Scraped caption text data:
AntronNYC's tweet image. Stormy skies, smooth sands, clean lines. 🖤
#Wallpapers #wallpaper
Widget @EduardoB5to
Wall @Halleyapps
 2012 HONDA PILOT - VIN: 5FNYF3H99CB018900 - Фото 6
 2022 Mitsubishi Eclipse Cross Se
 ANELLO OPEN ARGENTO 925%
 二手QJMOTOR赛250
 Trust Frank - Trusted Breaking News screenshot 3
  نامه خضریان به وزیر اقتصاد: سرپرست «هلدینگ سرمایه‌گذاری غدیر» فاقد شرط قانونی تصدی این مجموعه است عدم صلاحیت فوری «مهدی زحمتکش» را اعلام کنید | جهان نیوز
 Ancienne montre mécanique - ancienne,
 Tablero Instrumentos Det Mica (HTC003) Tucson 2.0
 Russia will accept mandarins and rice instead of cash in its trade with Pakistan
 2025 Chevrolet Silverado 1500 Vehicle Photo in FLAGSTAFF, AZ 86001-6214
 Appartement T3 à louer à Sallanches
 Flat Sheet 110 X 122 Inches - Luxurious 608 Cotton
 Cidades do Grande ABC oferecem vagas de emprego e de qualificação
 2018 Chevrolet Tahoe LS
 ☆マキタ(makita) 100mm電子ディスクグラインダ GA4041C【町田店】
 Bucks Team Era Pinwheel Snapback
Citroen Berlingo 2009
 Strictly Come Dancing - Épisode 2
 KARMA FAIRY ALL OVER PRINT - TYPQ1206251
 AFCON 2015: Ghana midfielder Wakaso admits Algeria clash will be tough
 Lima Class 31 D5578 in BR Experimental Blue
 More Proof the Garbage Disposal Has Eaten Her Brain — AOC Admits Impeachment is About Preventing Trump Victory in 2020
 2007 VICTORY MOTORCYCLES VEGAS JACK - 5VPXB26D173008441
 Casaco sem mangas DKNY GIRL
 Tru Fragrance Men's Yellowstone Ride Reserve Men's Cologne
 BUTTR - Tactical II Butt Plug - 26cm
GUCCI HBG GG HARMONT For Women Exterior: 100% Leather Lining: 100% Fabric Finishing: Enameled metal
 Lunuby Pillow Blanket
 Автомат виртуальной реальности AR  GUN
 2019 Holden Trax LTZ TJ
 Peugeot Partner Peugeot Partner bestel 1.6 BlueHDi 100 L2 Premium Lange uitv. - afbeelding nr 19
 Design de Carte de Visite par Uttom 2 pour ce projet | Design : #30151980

• [What is expected] Up to and including the line with "AFCON 2015: Ghana", print every line of the records from the start.

• [Solved exercise]
AntronNYC's tweet image. Stormy skies, smooth sands, clean lines. 🖤
#Wallpapers #wallpaper
Widget @EduardoB5to
Wall @Halleyapps
 2012 HONDA PILOT - VIN: 5FNYF3H99CB018900 - Фото 6
 2022 Mitsubishi Eclipse Cross Se
 ANELLO OPEN ARGENTO 925%
 二手QJMOTOR赛250
 Trust Frank - Trusted Breaking News screenshot 3
  نامه خضریان به وزیر اقتصاد: سرپرست «هلدینگ سرمایه‌گذاری غدیر» فاقد شرط قانونی تصدی این مجموعه است عدم صلاحیت فوری «مهدی زحمتکش» را اعلام کنید | جهان نیوز
 Ancienne montre mécanique - ancienne,
 Tablero Instrumentos Det Mica (HTC003) Tucson 2.0
 Russia will accept mandarins and rice instead of cash in its trade with Pakistan
 2025 Chevrolet Silverado 1500 Vehicle Photo in FLAGSTAFF, AZ 86001-6214
 Appartement T3 à louer à Sallanches
 Flat Sheet 110 X 122 Inches - Luxurious 608 Cotton
 Cidades do Grande ABC oferecem vagas de emprego e de qualificação
 2018 Chevrolet Tahoe LS
 ☆マキタ(makita) 100mm電子ディスクグラインダ GA4041C【町田店】
 Bucks Team Era Pinwheel Snapback
Citroen Berlingo 2009
 Strictly Come Dancing - Épisode 2
 KARMA FAIRY ALL OVER PRINT - TYPQ1206251
 AFCON 2015: Ghana midfielder Wakaso admits Algeria clash will be tough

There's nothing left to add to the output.